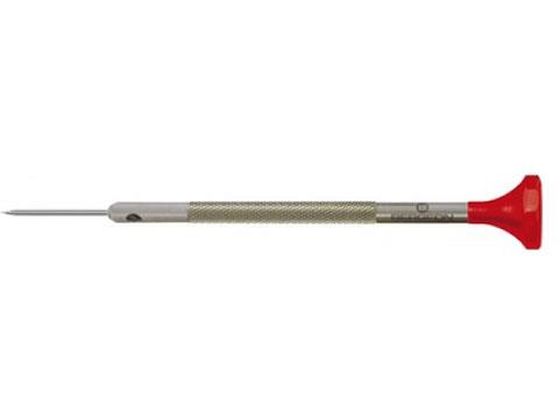 エスコ [-] 精密ドライバー ステンレス製 1.2×93mm EA550SA-1.2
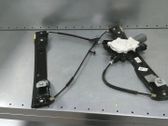 Motor del regulador de la ventanilla de la puerta delantera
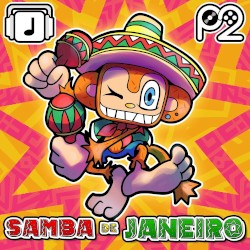 Samba de Janeiro (from "Samba de Amigo")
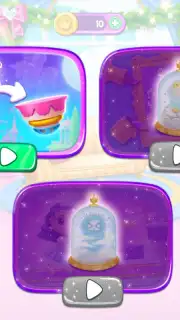 Princesses - Enchanted Castle capture 7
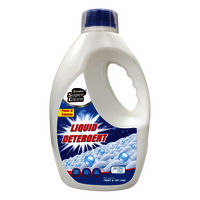 export quality Liquid laundry Detergent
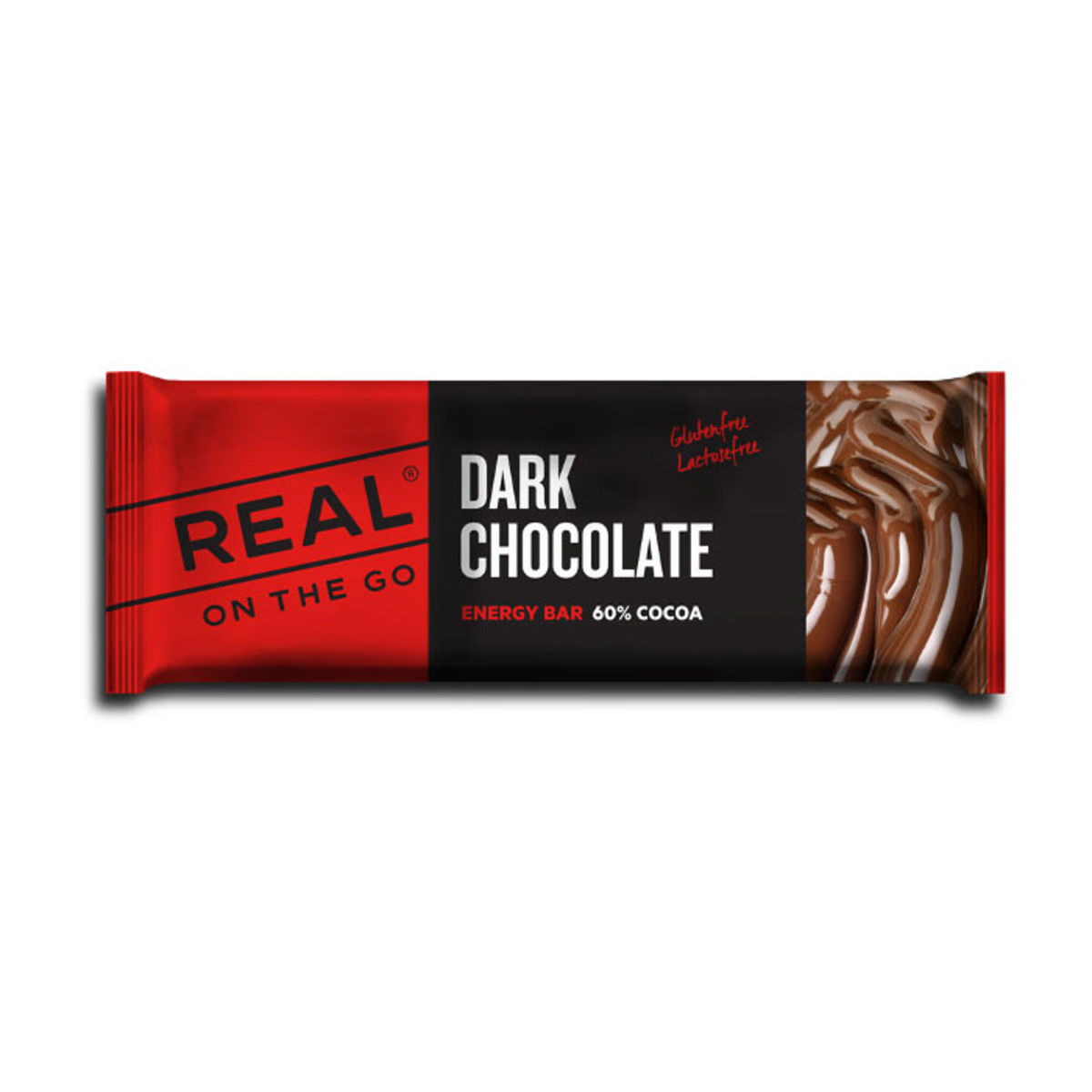 Chocolat noir 60% cacao - 50 g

^^^^^^^^

DESCRIPTION OF THE TASK
Would you copy each line above exactly as given, dropping any images?

REPLY
 エスコ [-] 精密ドライバー ステンレス製 1.2×93mm EA550SA-1.2
 Motor del regulador de la ventanilla de la puerta delantera
 Samba de Janeiro (from "Samba de Amigo")
 Princesses - Enchanted Castle capture 7
 export quality Liquid laundry Detergent
 Chocolat noir 60% cacao - 50 g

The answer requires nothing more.